Protostars and Planets VI, Heidelberg, July 15-20, 2013
Photoevaporation of Externally Irradiated Protoplanetary Disks in Young Star Cluster
Takaya, Tamura (Kyoto University)
It has been suggested that most stars are formed in young star clusters. Therefore, for general understanding of planet formation process, it is important to study environmental effects in young star clusters. One of the most essential effects will be irradiation from nearby massive stars, which induces photoevaporation by heating the gas in the disks as in the case of proplyds in the Trapezium Cluster in the Orion Nebula. Photoevaporation and then gas dispersal process in the disks will control some fundamental processes of planet formation, such as gas giant formation and migration of planets.
In this work, we have studied evolution of disks irradiated by a nearby massive star in a young star cluster.
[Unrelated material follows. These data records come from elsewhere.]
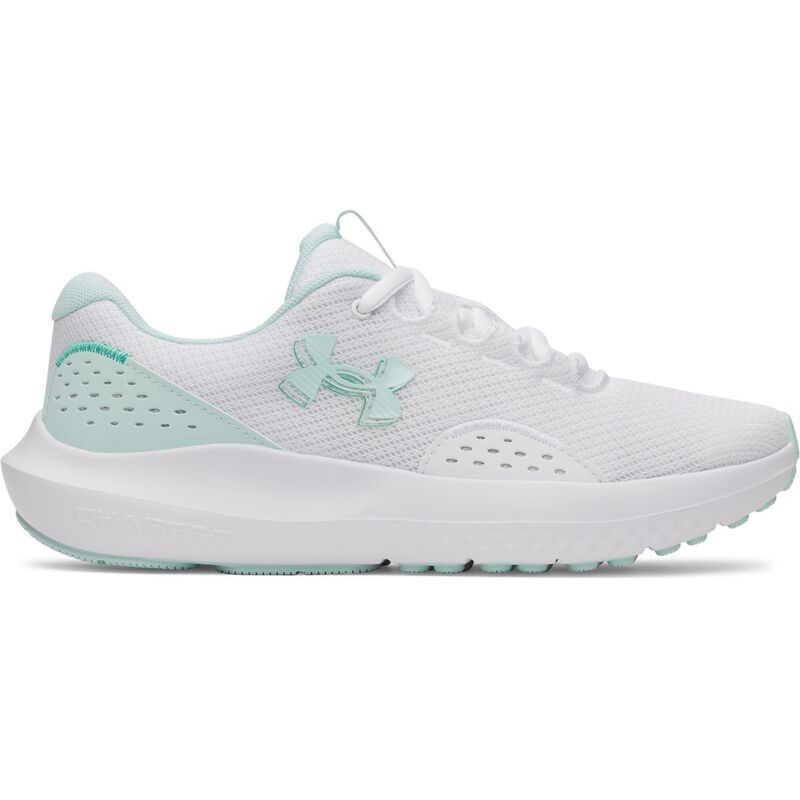 アンダーアーマー レディース シューズ スニーカー Under Armour Surge 4 Women's Running Shoes White Mint ホワイト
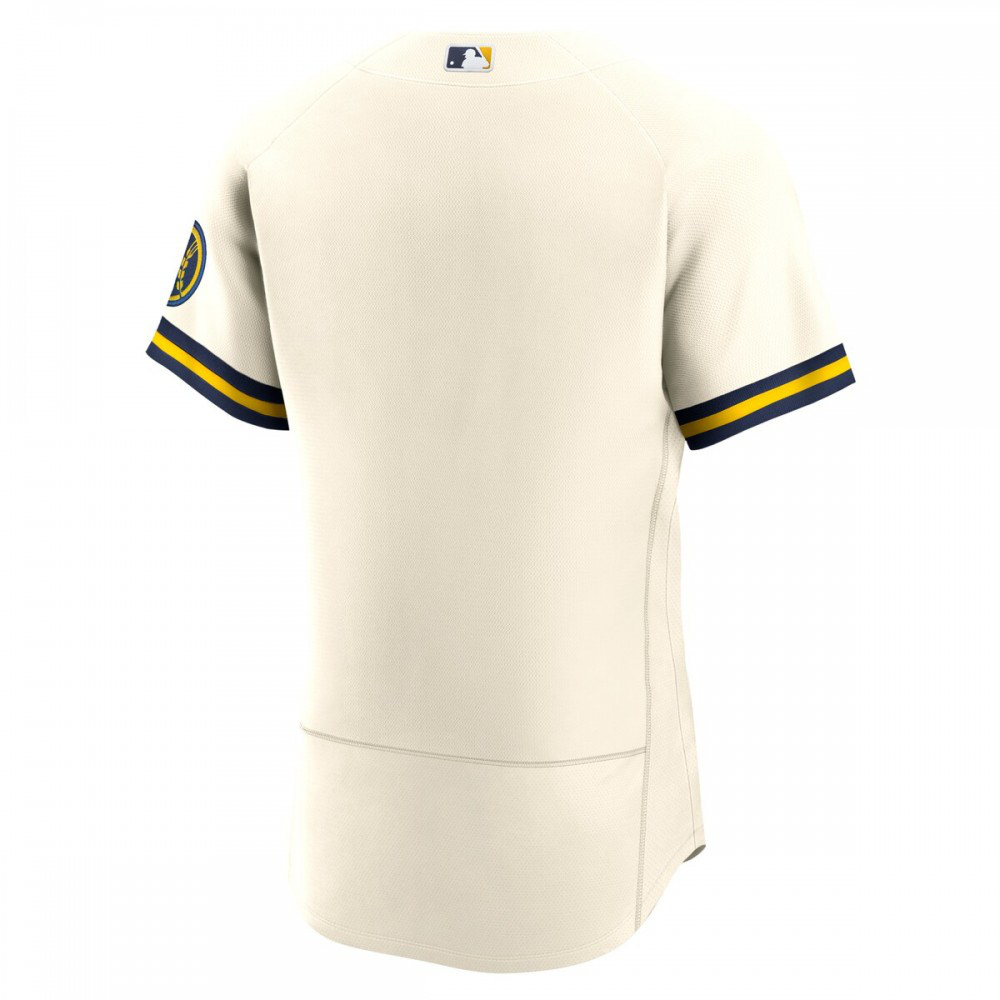 Milwaukee Brewers Home Authentic Team Logo Jersey - Cream-Pro Kit Vault | Brand New 26/27 Sports Jerseys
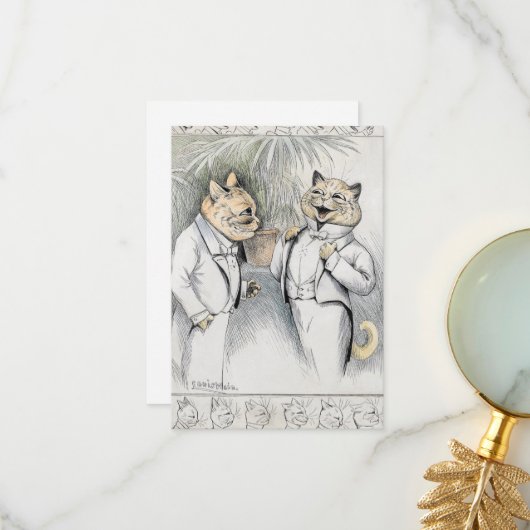 After-Dinner Joke by Louis Wain Bedankkaart (Voorkant / Achterkant in situ)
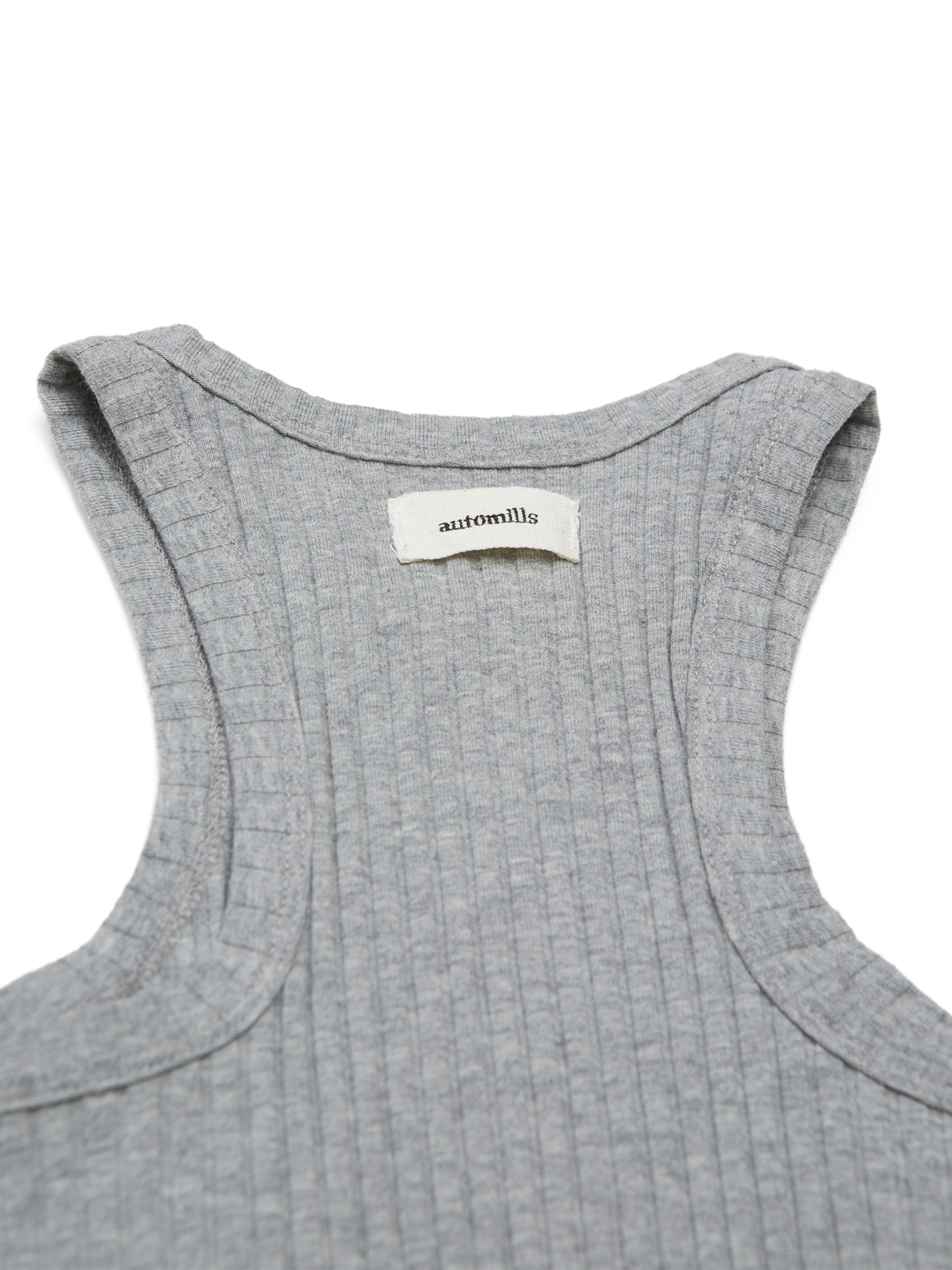 LOVER TANK TOP RIB STRETCH JERSEY AM-C0215 Gray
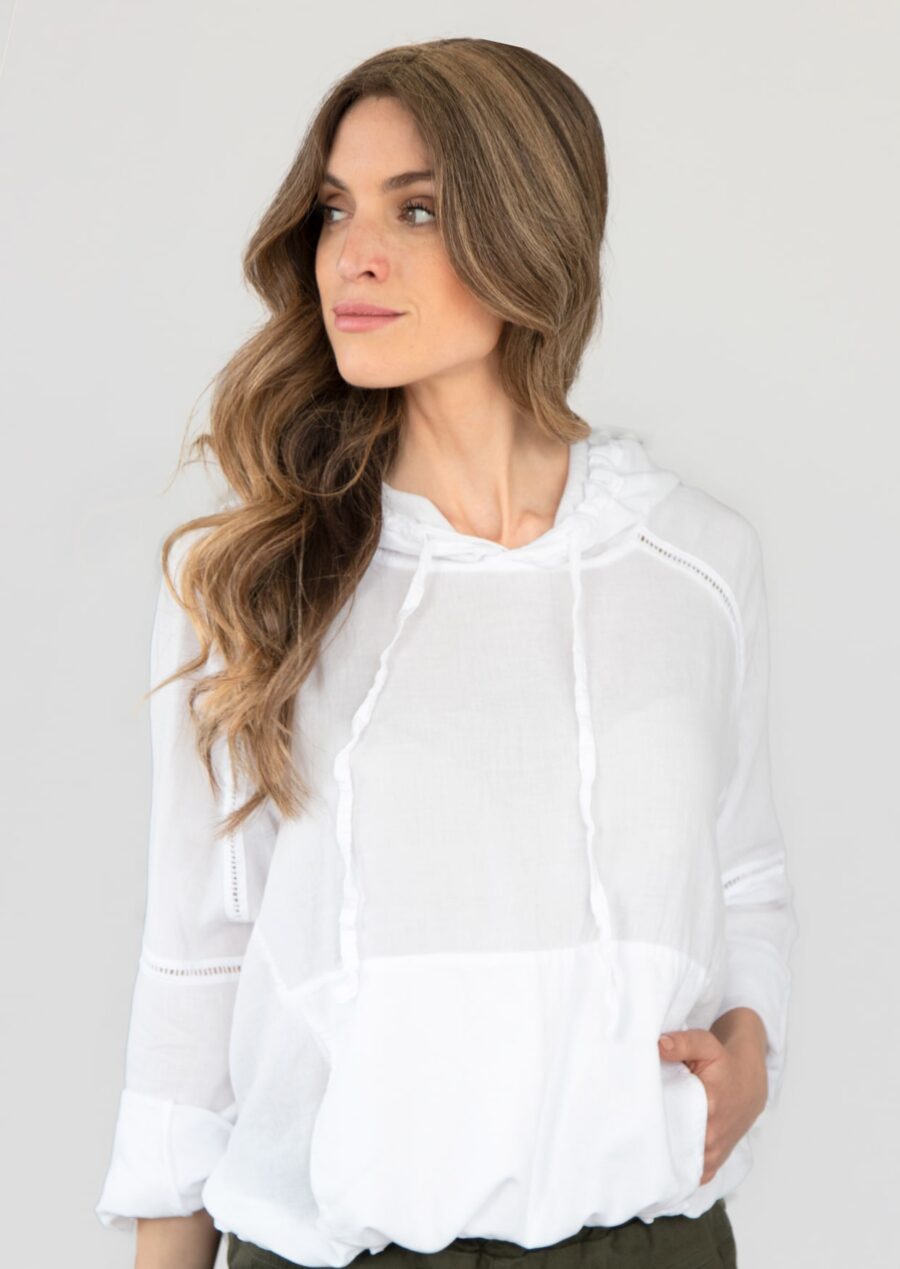 S23-850 Elsie Long Sleeve Cotton Hoodie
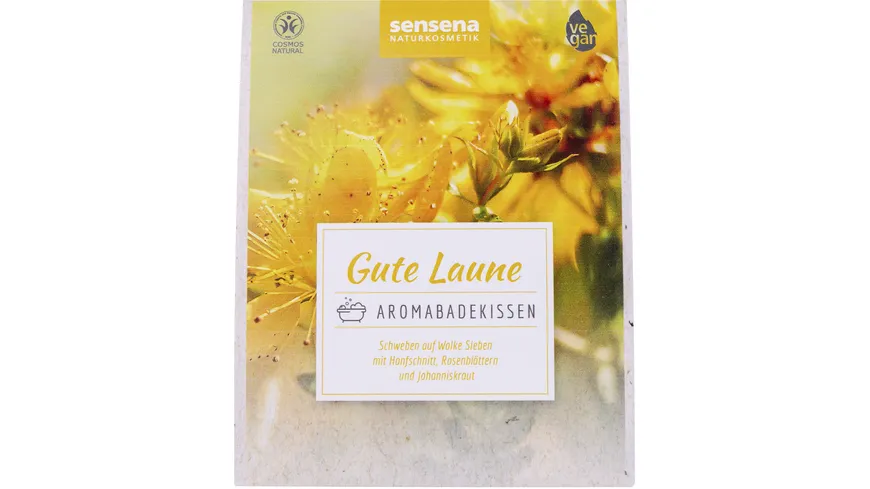 sensena NATURKOSMETIK Aromabadekissen Gute Laune 60 g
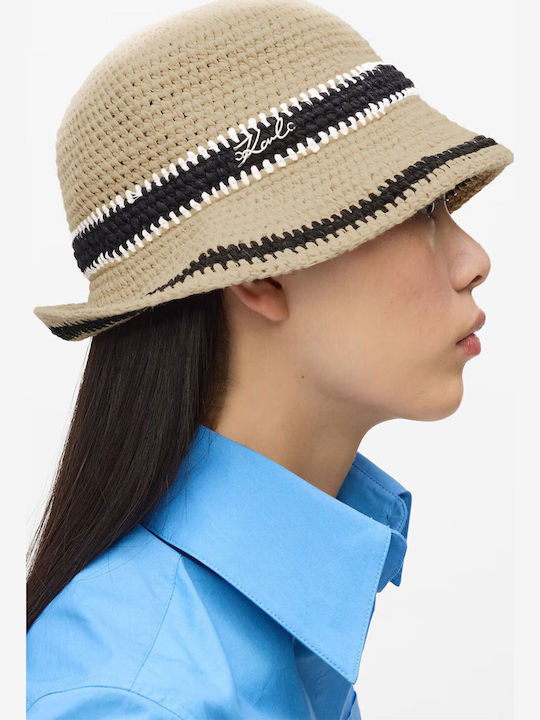 Karl Lagerfeld Γυναικείο Καπέλο Cloche Μπεζ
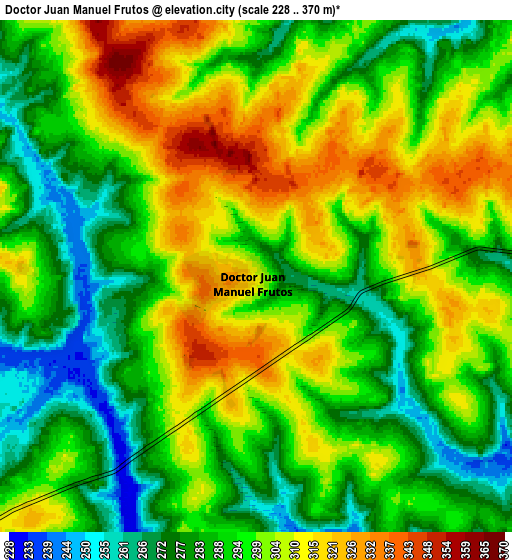 Zoom OUT 2x Doctor Juan Manuel Frutos, Paraguay elevation map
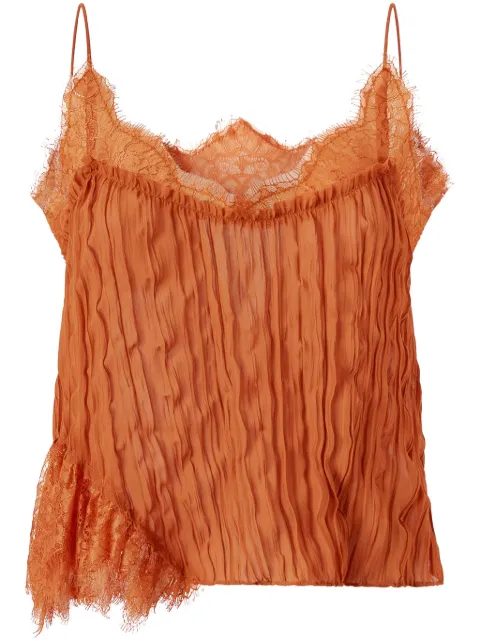 PINKO lace-detailed blouse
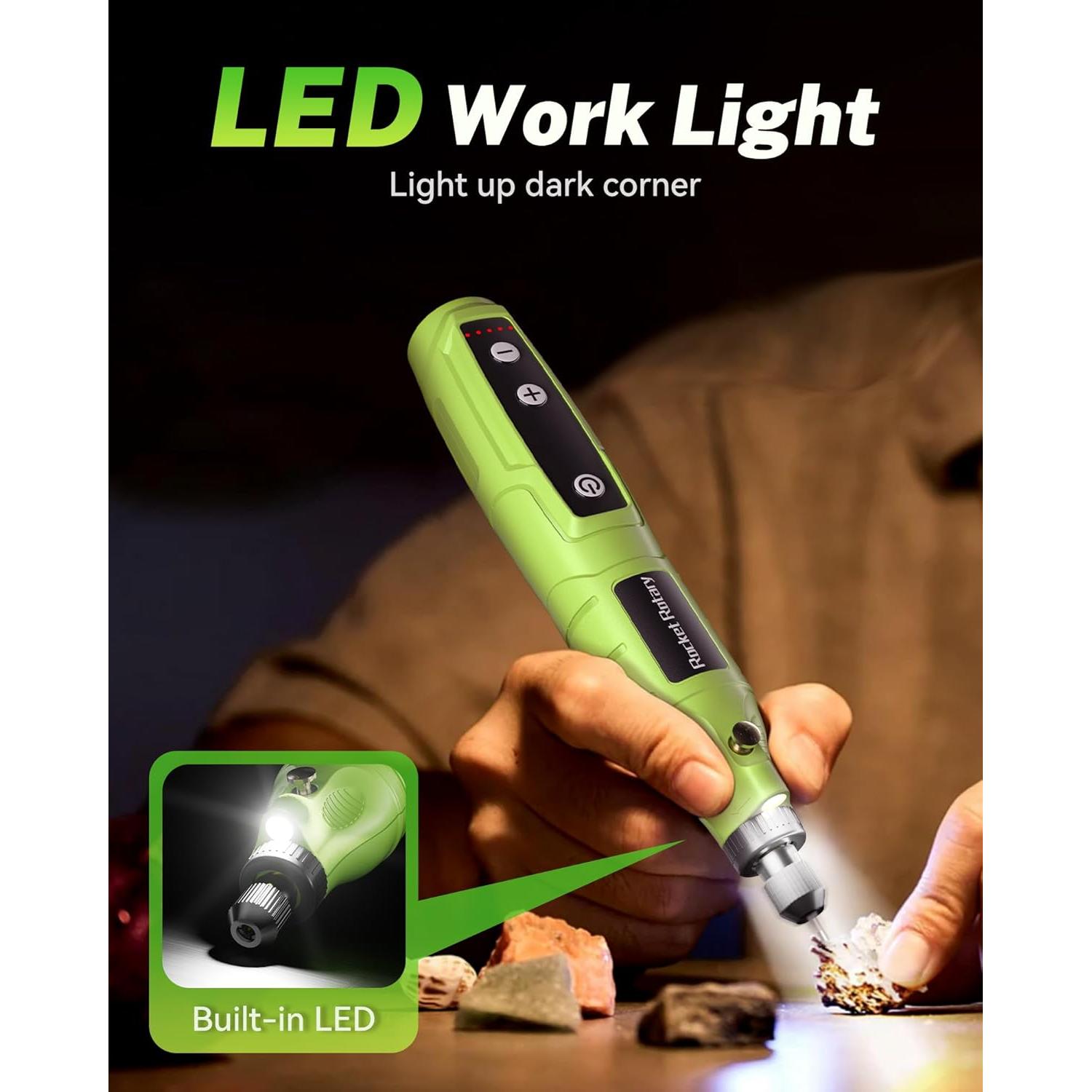 Mini Herramienta Rotativa Inalámbrica Linstaine 3.6V 75 Acc.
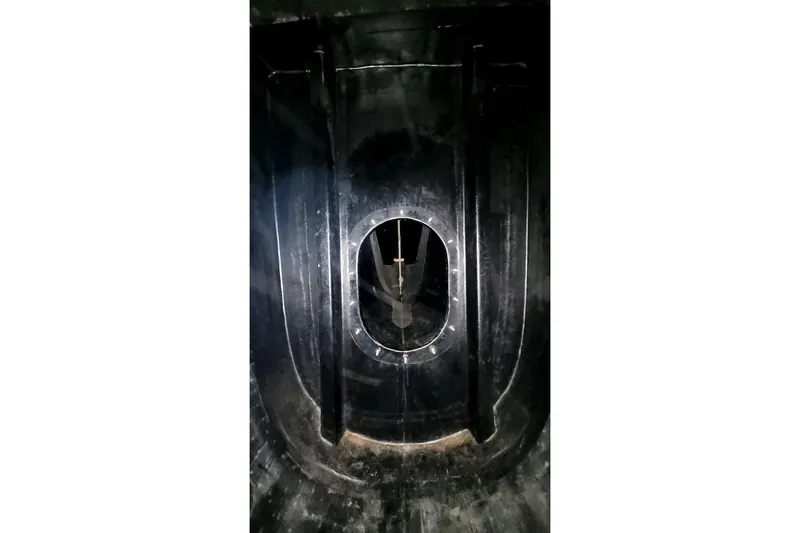 Slide: The Image of Interior view of a 2002 Custom International Americas Cup Class yacht hull. - 72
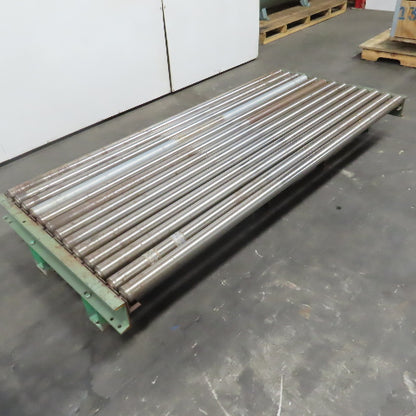 87-1/2" x 39" Heavy Duty Pallet Case Gravity Conveyor Section 83" BF 2.5" OD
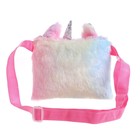 Сумка плюшевая «Единорог», 18х1х12 см, МИКС - фото 24685619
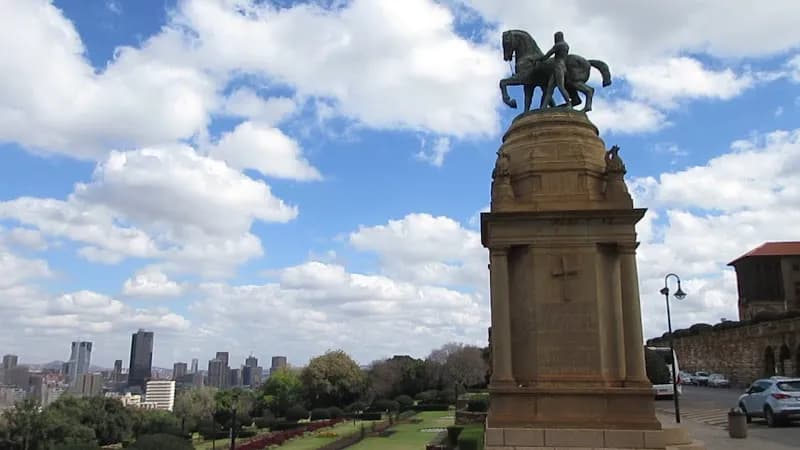 View of Union Buildings Amphitheatre in Pretoria, GP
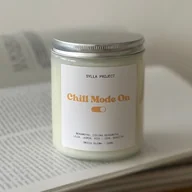 Świece - Chill Mode On - Świeca Sojowa w Szkle 250 ml - miniaturka - grafika 1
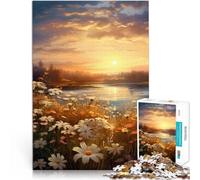 Jigsaws 1000 Pieces for Adults Autumn Flowers Educational Games 50x75cm is ideal as a gift for the whole family Suitable for and 14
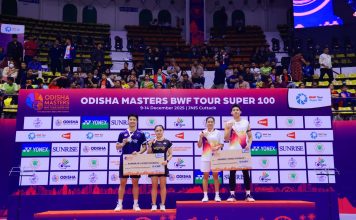 ଅନ୍ତର୍ଜାତୀୟ ବ୍ୟାଡ଼ମିଣ୍ଟନ ଟୁର୍ଣ୍ଣାମେଣ୍ଟ ଓଡିଶା ମାଷ୍ଟର୍ସ ୨୦୨୫ ଉଦ୍ଯାପିତ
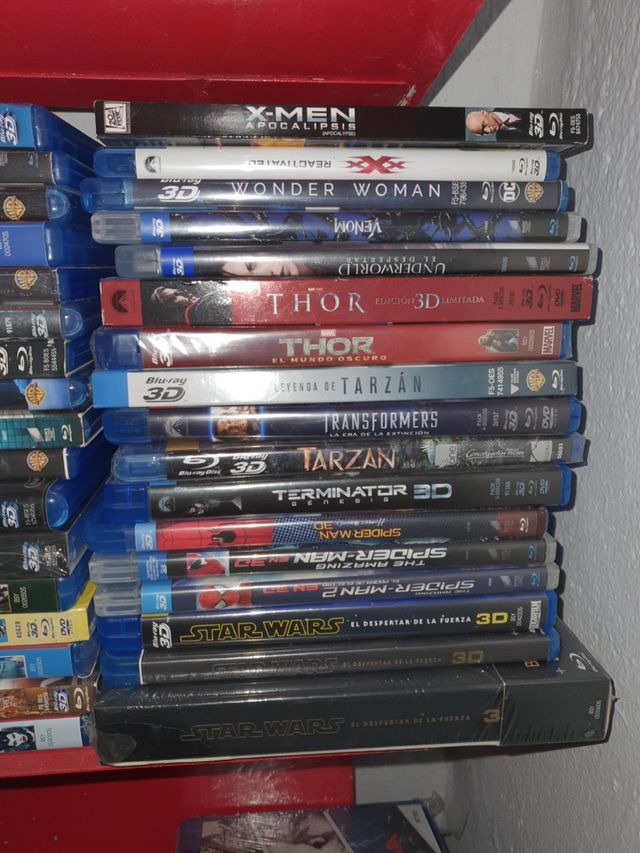 LOTE DE 100 BLU-RAY 3D..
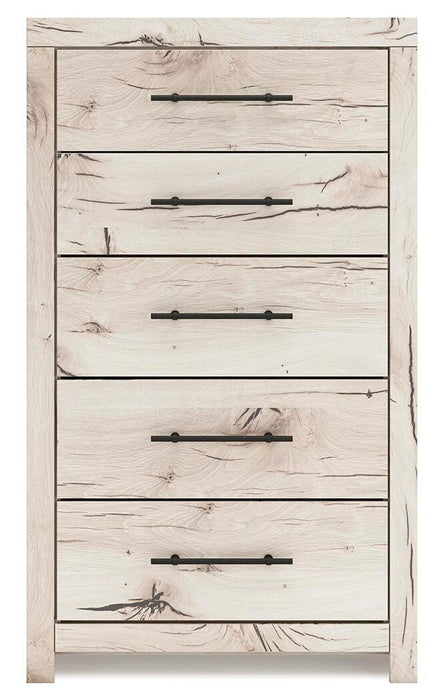 Lawroy King Panel Headboard, Dresser, Mirror, Chest and Nightstand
The result of our model calculations of surface density evolution of externally irradiated disk shows that the gas in the outer region of the disk photoevaporates efficiently so that the edge of the disk shrinks to become several times ten AU in ~1Myr. This is consistent with the disk radii of proplyds observed in the Trapezium cluster. We also performed hydrodynamical simulations of photoevaporating flow and ionization fronts formed around the disks. As a result, we obtained a correlation between the radii of ionization fronts and the distances from the massive star, which also reproduces observations in the Trapezium cluster.
Our results suggest that the gas in proplyds is mainly dispersed with photoevaporation and the formation of planetary system in young star clusters can differ from that of isolated stars.